What would make either of these scenarios harassment? If Jane’s abuser follows Jane around and continues to throw abuse her way, Jane’s abuser would be both targeting Jane specifically and being persistent. This would make him guilty of harassment. If Bob picked out a particular person in the park and followed this person around hurling abuse, or even just trying to make that person have a conversation he did not want to have, Bob would be not merely persistent, but persistent with a target.
So, carrying this line of reasoning over, when does an anti-abortion protester’s protest turn into harassment? It’s not a matter of how close the protester is geographically to the patient, it’s a matter of whether or not the protester is both directing the protest at one individual and being persistent in so doing. This gives us a typology of abortion protesters:
- Persistent, Non-Specific: this protester continually waves a sign or makes a speech against abortion, but never approaches individual patients to engage them specifically. He is unpleasant for patients, but he is not harassing them.
- One-Off, Specific: this protester approaches individuals to attempt to dissuade them from having abortions and perhaps even says something awful or abusive directly to an individual patient, but does not physically follow patients and does not pester them repeatedly to have conversations they do not want to have. He is unpleasant for patients, but he is not harassing them.
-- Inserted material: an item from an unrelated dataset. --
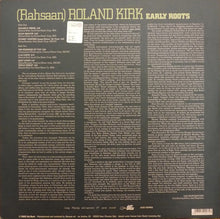 Charger l'image dans la galerie, Roland Kirk : Early Roots (LP, Album, RE, 180)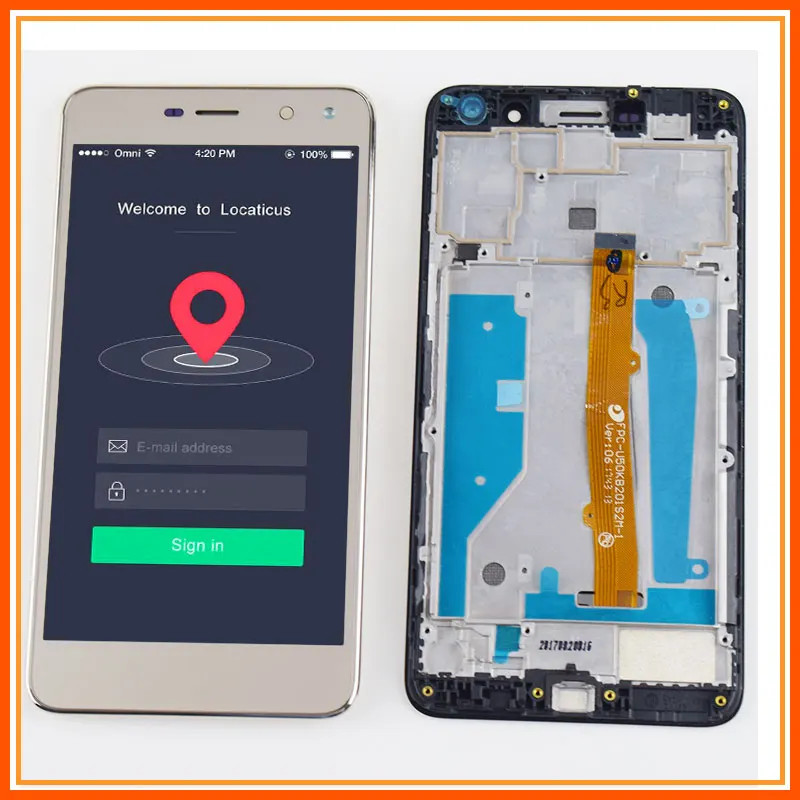 For Huawei Nova Young 4g Lte Y6 2017 Y5 2017 Mya L11 Mya L41 Lcd Display Touch Screen 5 0 Inch Panel Sensor Assembly Frame Buy At The Price Of 7 75 In Aliexpress Com Imall Com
- Persistent, Specific: this protester approaches individuals, follows them around, gets in their face, and refuses to take no for an answer. He may yell abuse, or he may merely be trying to have a conversation, but his tactics cross a line and are not acceptable. He is guilty of harassment and should be arrested.
When trying to decide whether or not to arrest an abortion protester, the relevant question is which kind of abortion protester this is. Even if the protester is quite rude, if he is not rude in a persistent way and to specific individuals, he is not guilty of harassment. It doesn’t particularly matter if he is standing two feet away or two thousand feet away, the same rules apply. People can harass one another over the phone or over the internet if they do so in a persistent, targeted way.
Since it is possible to protest within 35 feet of an abortion clinic without necessarily harassing someone and it is possible for a law enforcement officer to be able to objectively evaluate whether or not a protester is committing harassment, protests outside of abortion clinics should be permitted as a form of assembly. But this change in the law should have other consequences the court has not yet recognized–there are many other contexts in which we currently have protest buffer zones where they are not justified. The Supreme Court building itself, for instance, has a buffer zone, and throughout the United States, protesters are frequently confined to “free speech zones“, which minimize their reach and efficacy. We need to recognize that as long as a person is in a public space, it’s not about where you protest, it’s about how you protest. Whether you’re protesting for or against abortion or for or against any other cause in any other circumstance, that should be the case.